◆ Your objective ◆
Below is a listing with pictures in it; transcribe exactly the lines from the one that has "Noelia Arroyo se" through the one that has "Ravissant T3 En", and omit those pictures.

◆ Material for this task ◆
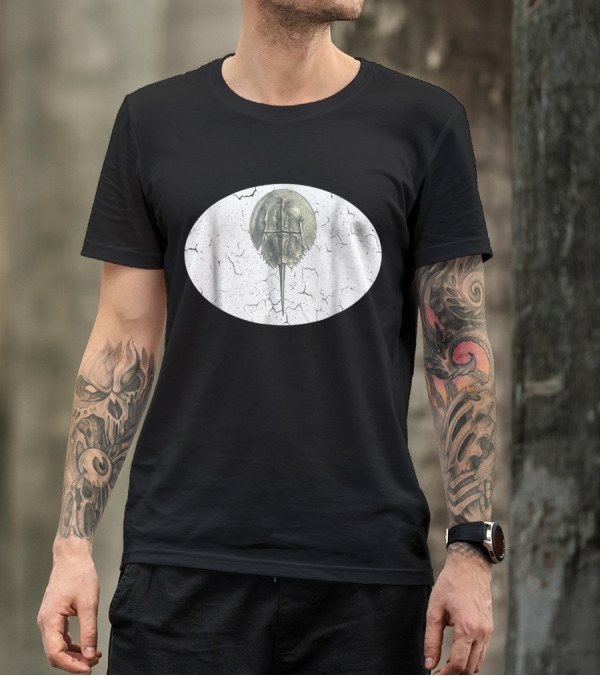 Vintage Style Horseshoe Crab Retro Oval Background T-Shirt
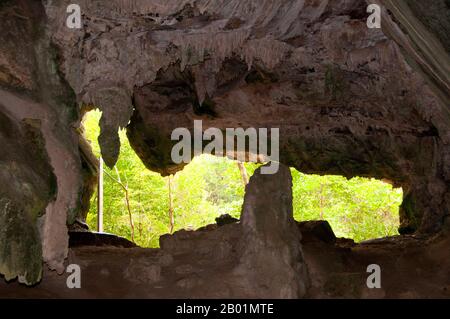 Thaïlande : Tham Phi Hua à la grotte (également connue sous le nom de Tham Hua Kalok), Than Bokkharani National Park, province de Krabi. Le parc national de Than Bokkharani est situé dans la province de Krabi à environ 45 kilomètres (28 miles) au nord-ouest de la ville de Krabi. Le parc couvre une superficie de 121 kilomètres carrés (47 miles carrés) et est caractérisé par une série d'affleurements calcaires, forêt tropicale à feuilles persistantes, forêt de mangroves, marais tourbeux, et de nombreuses îles. Il y a aussi de nombreuses grottes et complexes de grottes avec quelques stalagmites et stalactites spectaculaires. Banque D'Images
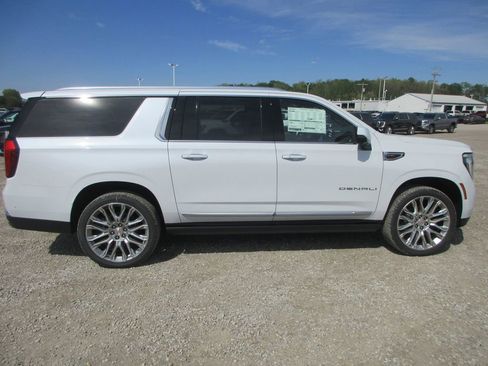 New 2026 GMC Yukon XL Denali image 3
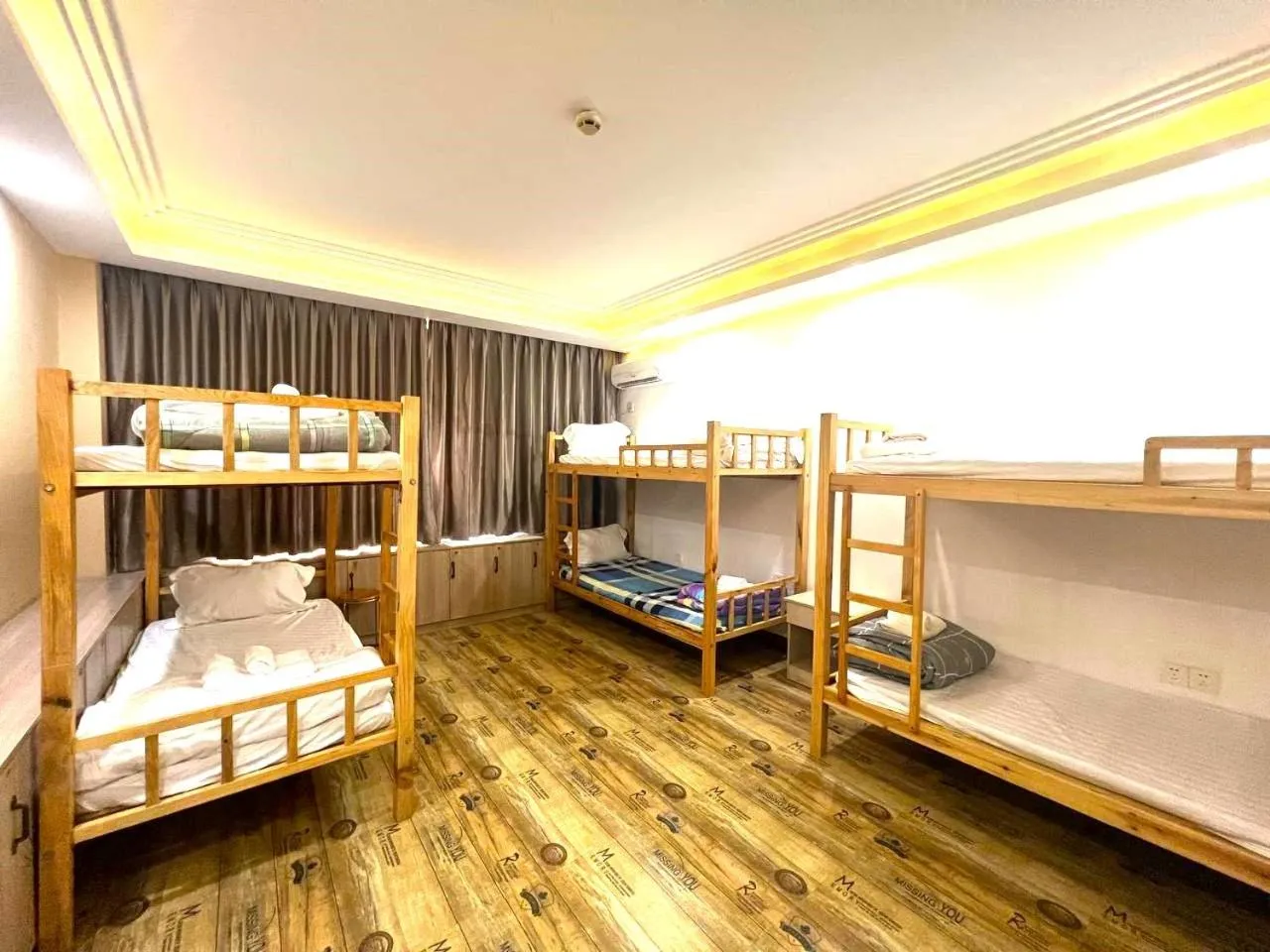 6-Bed Male Dormitory Room in Fusion Hotel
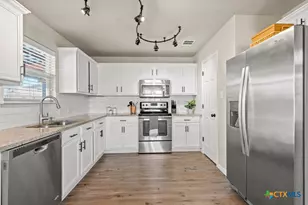 2111 Wiltshire Dr, New Braunfels, TX 78130 - Photo 10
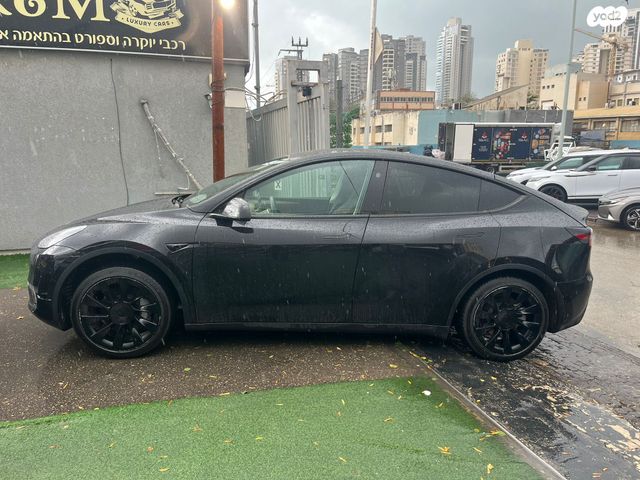 מודעת רכב טסלה מודל Y 2
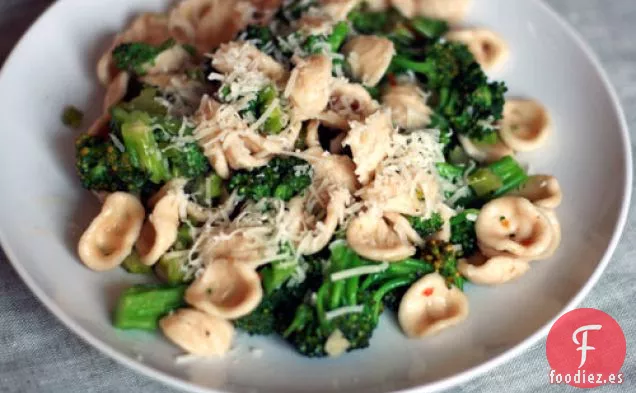 Cena Esta Noche: Orecchiette Con Brócoli, Anchoas Y Chiles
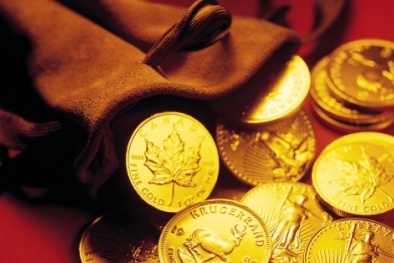 Giá vàng hôm nay ngày 10/7: Tiếp tục nằm đáy, liệu tuần mới có phục hồi?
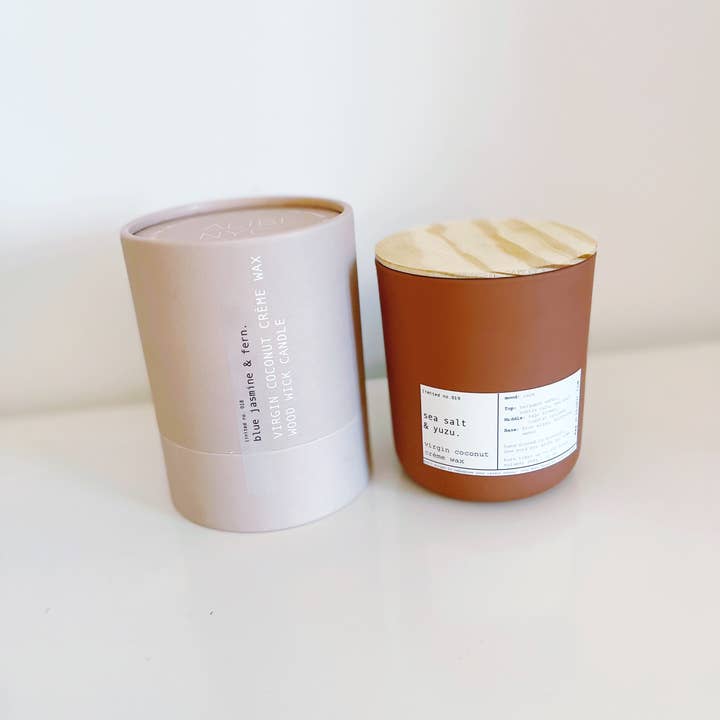 ALIBI NYC - Venta al por mayor Velas en tarros - SAL MARINA YUZU | CREMA DE COCO VIRGEN Y MECHA DE MADERA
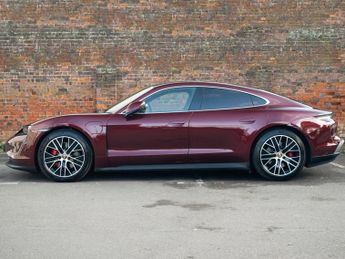 PORSCHE TAYCAN Performance Plus 93.4kWh 4S Saloon 4dr Electric Auto 4WD (11kW C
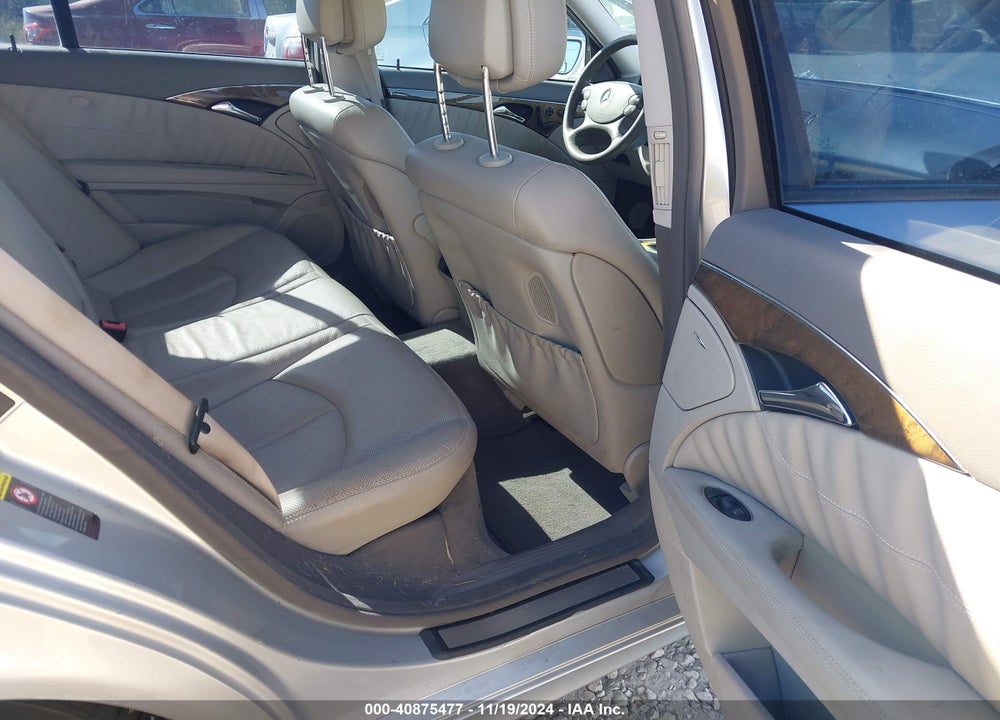 2007 MERCEDES-BENZ E 550 VIN: WDBUF72X17B030737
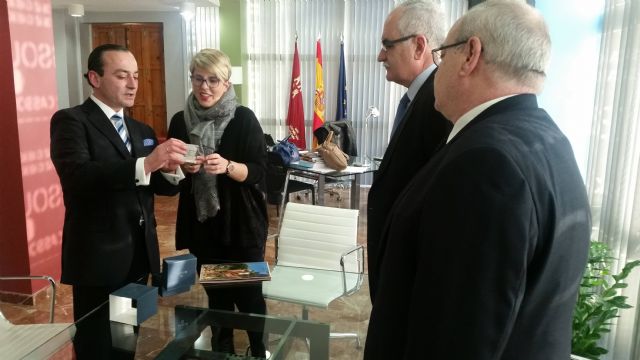 Noelia Arroyo se reúne con los miembros de la Cofradía del Santísimo Cristo del Refugio de Murcia - 1, Foto 1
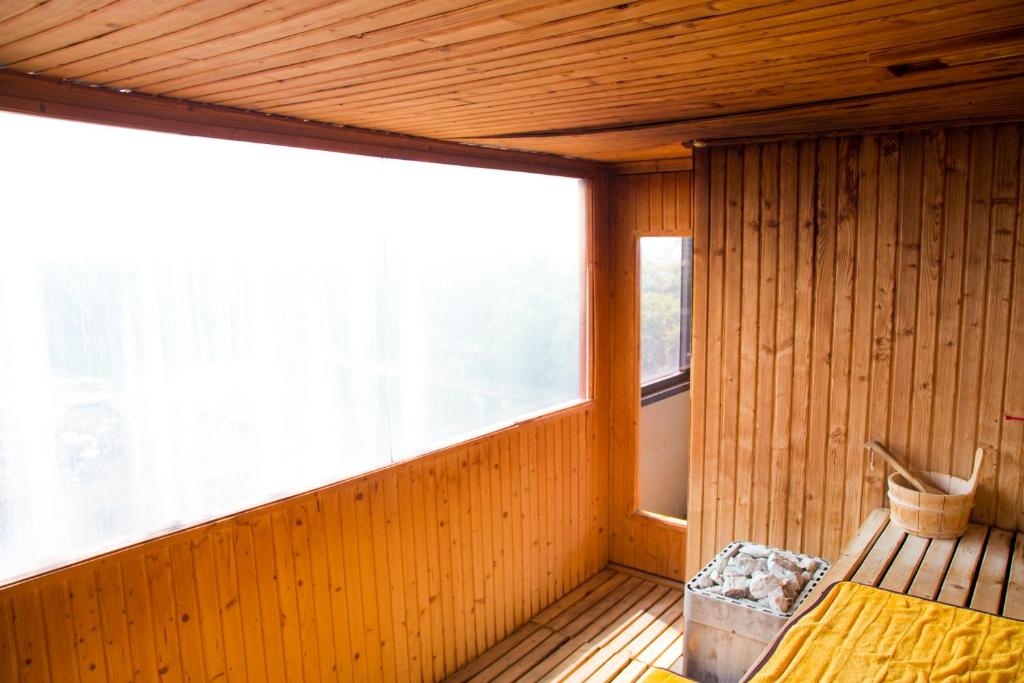 Sakura Hotel 3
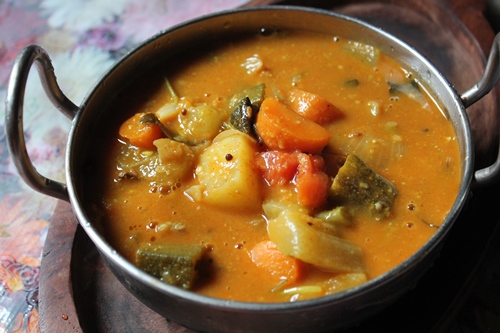 serve sambar hot in a bowl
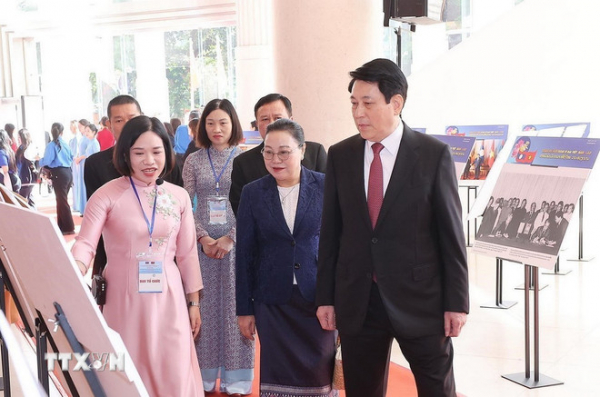 Chủ tịch nước Lương Cường tham quan trưng bày ảnh về quan hệ hữu nghị đặc biệt Việt Nam-Lào. (Ảnh: Lâm Khánh/TTXVN)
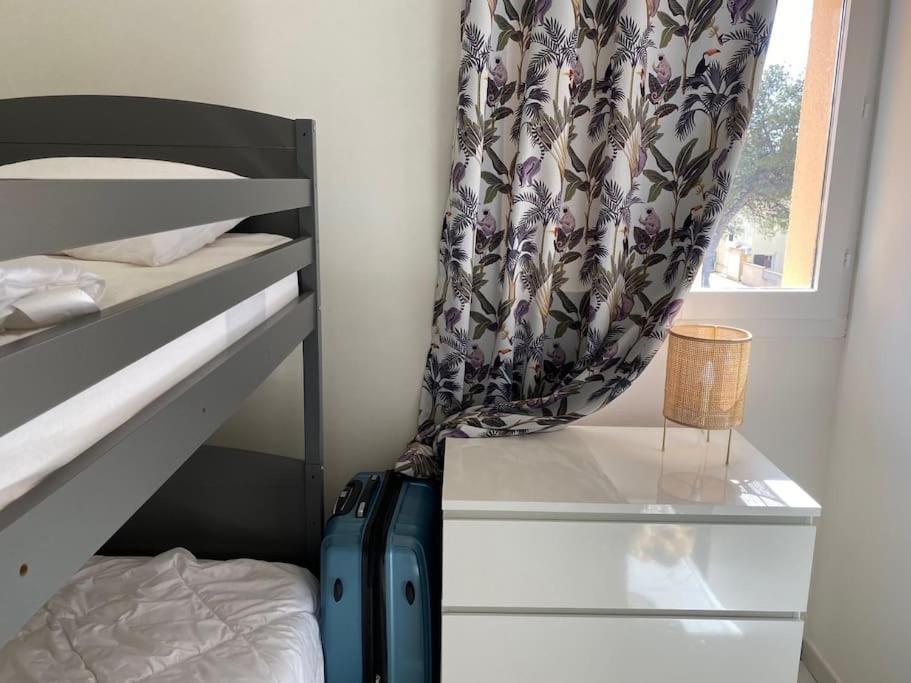 Ravissant T3 En Duplex Proche Mer La Londe-les-Maures Esterno foto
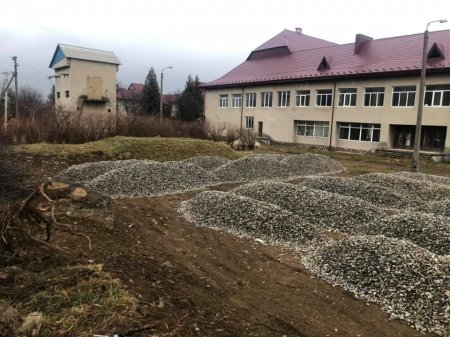 Завершено будівництво багатофункціонального майданчика на території Делятинського ліцею №2!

◆ Expected answer ◆
 Noelia Arroyo se reúne con los miembros de la Cofradía del Santísimo Cristo del Refugio de Murcia - 1, Foto 1
 Sakura Hotel 3
 serve sambar hot in a bowl
 Chủ tịch nước Lương Cường tham quan trưng bày ảnh về quan hệ hữu nghị đặc biệt Việt Nam-Lào. (Ảnh: Lâm Khánh/TTXVN)
 Ravissant T3 En Duplex Proche Mer La Londe-les-Maures Esterno foto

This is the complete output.